Aim of the task:
The records below are to be transcribed word for word.

(Short descriptive text snippets)
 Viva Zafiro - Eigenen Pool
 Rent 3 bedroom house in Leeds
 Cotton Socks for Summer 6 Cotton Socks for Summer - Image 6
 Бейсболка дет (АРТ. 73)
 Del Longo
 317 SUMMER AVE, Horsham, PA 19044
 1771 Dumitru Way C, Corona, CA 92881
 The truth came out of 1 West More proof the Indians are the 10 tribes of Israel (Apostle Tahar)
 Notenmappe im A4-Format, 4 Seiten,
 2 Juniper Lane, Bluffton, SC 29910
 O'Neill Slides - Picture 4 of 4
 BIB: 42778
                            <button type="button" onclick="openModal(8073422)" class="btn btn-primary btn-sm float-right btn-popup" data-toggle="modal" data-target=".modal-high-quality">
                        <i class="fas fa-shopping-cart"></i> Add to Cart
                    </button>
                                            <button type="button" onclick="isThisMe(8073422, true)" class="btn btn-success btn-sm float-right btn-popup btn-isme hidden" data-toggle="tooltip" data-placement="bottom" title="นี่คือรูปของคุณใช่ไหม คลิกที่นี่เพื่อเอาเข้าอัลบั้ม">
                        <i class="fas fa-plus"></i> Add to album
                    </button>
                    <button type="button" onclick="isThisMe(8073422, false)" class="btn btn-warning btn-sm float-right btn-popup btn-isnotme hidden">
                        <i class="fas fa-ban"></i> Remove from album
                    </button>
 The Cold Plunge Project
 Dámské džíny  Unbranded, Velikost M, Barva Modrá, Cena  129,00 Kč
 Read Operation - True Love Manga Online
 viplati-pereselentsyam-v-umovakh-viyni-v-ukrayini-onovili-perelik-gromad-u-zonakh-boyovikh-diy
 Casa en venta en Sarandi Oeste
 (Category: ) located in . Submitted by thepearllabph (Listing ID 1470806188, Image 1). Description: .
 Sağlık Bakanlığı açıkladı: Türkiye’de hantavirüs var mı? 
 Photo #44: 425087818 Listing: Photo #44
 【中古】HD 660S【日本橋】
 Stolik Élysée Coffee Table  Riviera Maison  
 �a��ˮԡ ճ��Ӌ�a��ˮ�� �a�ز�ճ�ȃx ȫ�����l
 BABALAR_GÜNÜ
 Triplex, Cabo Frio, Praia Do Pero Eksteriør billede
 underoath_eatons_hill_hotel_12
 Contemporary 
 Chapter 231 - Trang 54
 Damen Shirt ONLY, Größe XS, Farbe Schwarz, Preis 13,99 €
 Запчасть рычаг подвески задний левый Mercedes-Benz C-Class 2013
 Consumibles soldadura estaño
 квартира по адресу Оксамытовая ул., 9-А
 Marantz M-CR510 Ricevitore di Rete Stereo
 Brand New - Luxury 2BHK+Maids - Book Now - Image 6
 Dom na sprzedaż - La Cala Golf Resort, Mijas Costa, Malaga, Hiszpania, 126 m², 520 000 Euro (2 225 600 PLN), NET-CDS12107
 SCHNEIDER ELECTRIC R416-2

The completed task:
 Viva Zafiro - Eigenen Pool
 Rent 3 bedroom house in Leeds
 Cotton Socks for Summer 6 Cotton Socks for Summer - Image 6
 Бейсболка дет (АРТ. 73)
 Del Longo
 317 SUMMER AVE, Horsham, PA 19044
 1771 Dumitru Way C, Corona, CA 92881
 The truth came out of 1 West More proof the Indians are the 10 tribes of Israel (Apostle Tahar)
 Notenmappe im A4-Format, 4 Seiten,
 2 Juniper Lane, Bluffton, SC 29910
 O'Neill Slides - Picture 4 of 4
 BIB: 42778
                            <button type="button" onclick="openModal(8073422)" class="btn btn-primary btn-sm float-right btn-popup" data-toggle="modal" data-target=".modal-high-quality">
                        <i class="fas fa-shopping-cart"></i> Add to Cart
                    </button>
                                            <button type="button" onclick="isThisMe(8073422, true)" class="btn btn-success btn-sm float-right btn-popup btn-isme hidden" data-toggle="tooltip" data-placement="bottom" title="นี่คือรูปของคุณใช่ไหม คลิกที่นี่เพื่อเอาเข้าอัลบั้ม">
                        <i class="fas fa-plus"></i> Add to album
                    </button>
                    <button type="button" onclick="isThisMe(8073422, false)" class="btn btn-warning btn-sm float-right btn-popup btn-isnotme hidden">
                        <i class="fas fa-ban"></i> Remove from album
                    </button>
 The Cold Plunge Project
 Dámské džíny  Unbranded, Velikost M, Barva Modrá, Cena  129,00 Kč
 Read Operation - True Love Manga Online
 viplati-pereselentsyam-v-umovakh-viyni-v-ukrayini-onovili-perelik-gromad-u-zonakh-boyovikh-diy
 Casa en venta en Sarandi Oeste
 (Category: ) located in . Submitted by thepearllabph (Listing ID 1470806188, Image 1). Description: .
 Sağlık Bakanlığı açıkladı: Türkiye’de hantavirüs var mı? 
 Photo #44: 425087818 Listing: Photo #44
 【中古】HD 660S【日本橋】
 Stolik Élysée Coffee Table  Riviera Maison  
 �a��ˮԡ ճ��Ӌ�a��ˮ�� �a�ز�ճ�ȃx ȫ�����l
 BABALAR_GÜNÜ
 Triplex, Cabo Frio, Praia Do Pero Eksteriør billede
 underoath_eatons_hill_hotel_12
 Contemporary 
 Chapter 231 - Trang 54
 Damen Shirt ONLY, Größe XS, Farbe Schwarz, Preis 13,99 €
 Запчасть рычаг подвески задний левый Mercedes-Benz C-Class 2013
 Consumibles soldadura estaño
 квартира по адресу Оксамытовая ул., 9-А
 Marantz M-CR510 Ricevitore di Rete Stereo
 Brand New - Luxury 2BHK+Maids - Book Now - Image 6
 Dom na sprzedaż - La Cala Golf Resort, Mijas Costa, Malaga, Hiszpania, 126 m², 520 000 Euro (2 225 600 PLN), NET-CDS12107
 SCHNEIDER ELECTRIC R416-2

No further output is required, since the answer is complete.